[Scraped caption text data]
........

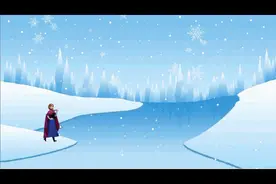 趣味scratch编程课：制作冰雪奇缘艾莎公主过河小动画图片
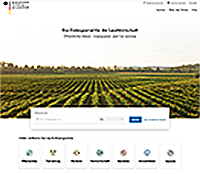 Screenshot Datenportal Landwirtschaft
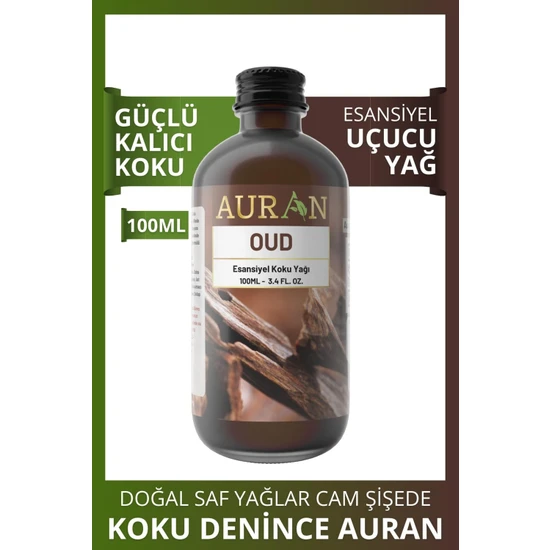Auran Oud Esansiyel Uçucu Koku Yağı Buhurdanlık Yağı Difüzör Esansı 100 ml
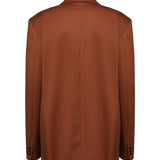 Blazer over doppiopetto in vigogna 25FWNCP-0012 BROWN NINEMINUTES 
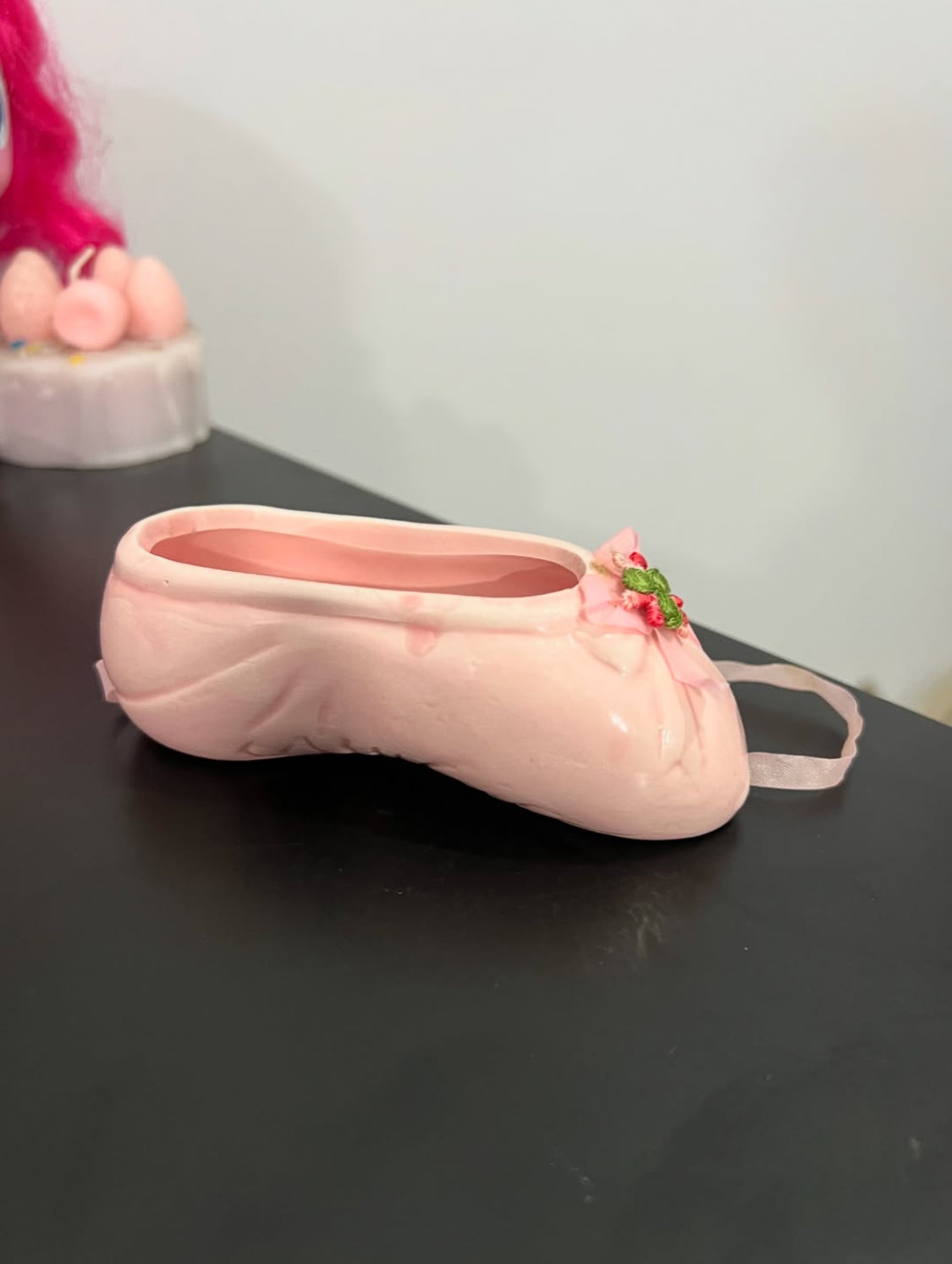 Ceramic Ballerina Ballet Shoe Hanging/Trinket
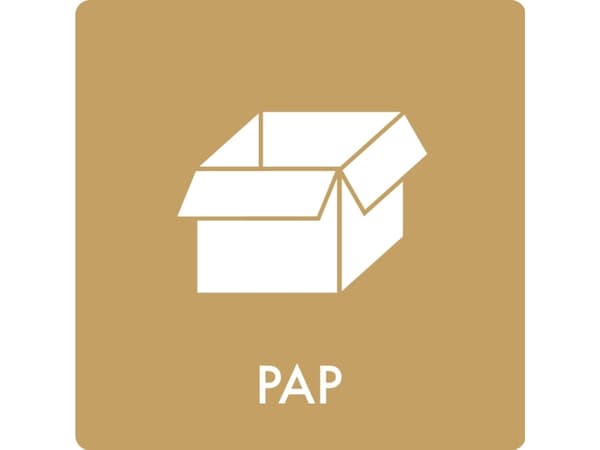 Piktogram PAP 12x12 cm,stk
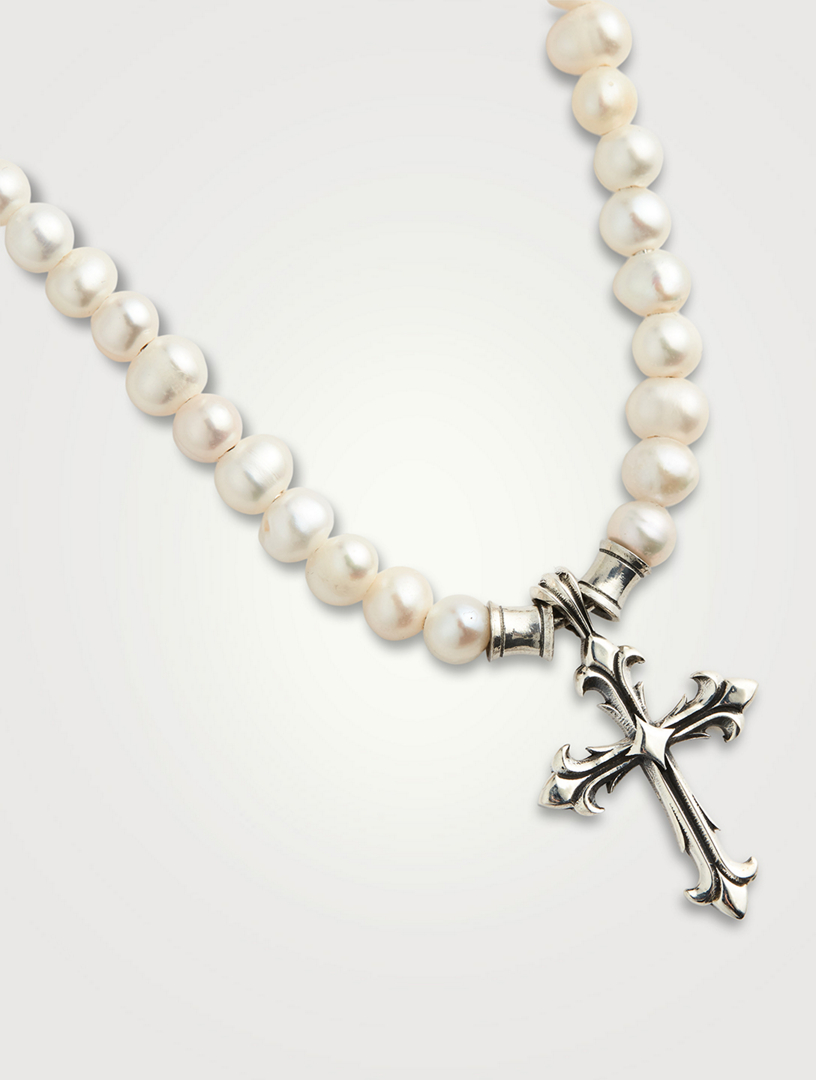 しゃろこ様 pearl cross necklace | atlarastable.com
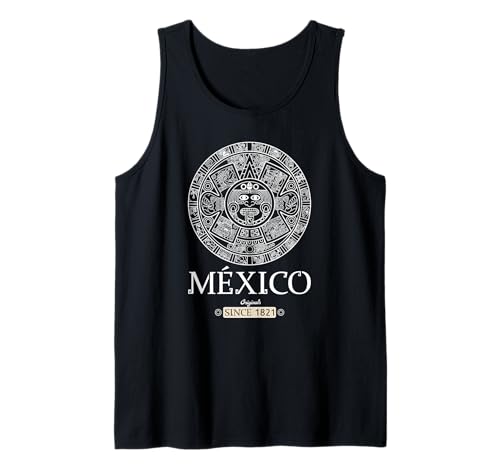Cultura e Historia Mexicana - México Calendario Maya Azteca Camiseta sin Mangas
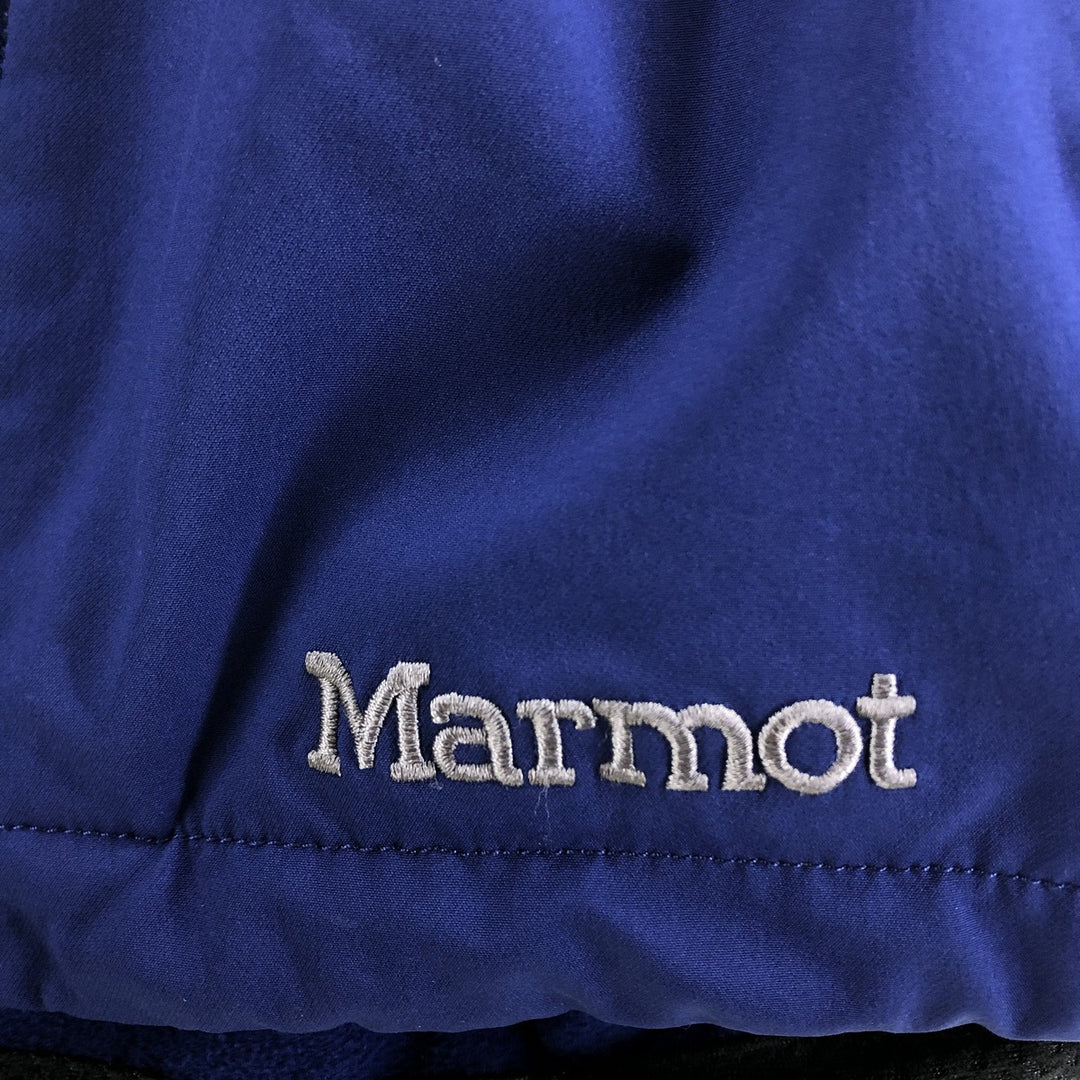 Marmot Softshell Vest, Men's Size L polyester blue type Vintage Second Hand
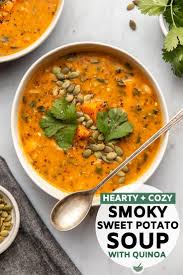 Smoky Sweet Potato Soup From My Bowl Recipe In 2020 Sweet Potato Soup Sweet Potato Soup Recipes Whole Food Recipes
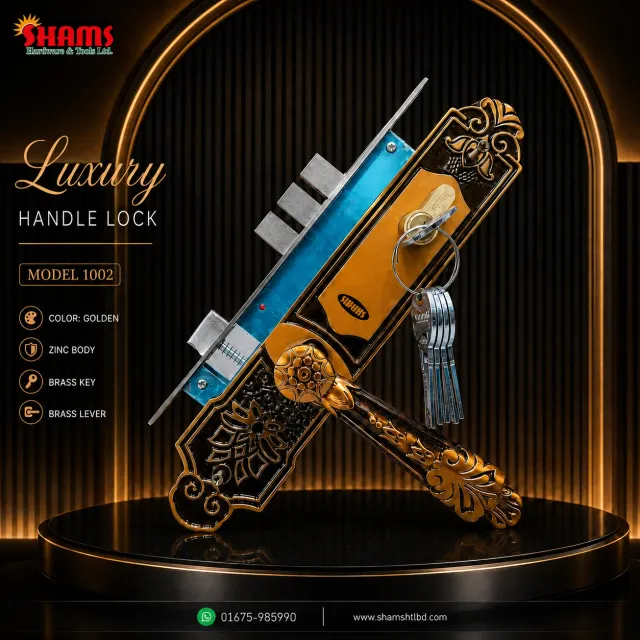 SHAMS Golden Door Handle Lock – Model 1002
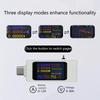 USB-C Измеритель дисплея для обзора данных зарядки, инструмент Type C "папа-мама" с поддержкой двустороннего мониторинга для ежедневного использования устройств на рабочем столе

........

→ **Your goal**: Word for word, set down every line of the records above, and leave the pictures out.

→ **Solved exercise**:
 趣味scratch编程课：制作冰雪奇缘艾莎公主过河小动画图片
 Screenshot Datenportal Landwirtschaft
Auran Oud Esansiyel Uçucu Koku Yağı Buhurdanlık Yağı Difüzör Esansı 100 ml
 Blazer over doppiopetto in vigogna 25FWNCP-0012 BROWN NINEMINUTES 
 Ceramic Ballerina Ballet Shoe Hanging/Trinket
 Piktogram PAP 12x12 cm,stk
 しゃろこ様 pearl cross necklace | atlarastable.com
Cultura e Historia Mexicana - México Calendario Maya Azteca Camiseta sin Mangas
 Marmot Softshell Vest, Men's Size L polyester blue type Vintage Second Hand
 Smoky Sweet Potato Soup From My Bowl Recipe In 2020 Sweet Potato Soup Sweet Potato Soup Recipes Whole Food Recipes
 SHAMS Golden Door Handle Lock – Model 1002
 USB-C Измеритель дисплея для обзора данных зарядки, инструмент Type C "папа-мама" с поддержкой двустороннего мониторинга для ежедневного использования устройств на рабочем столе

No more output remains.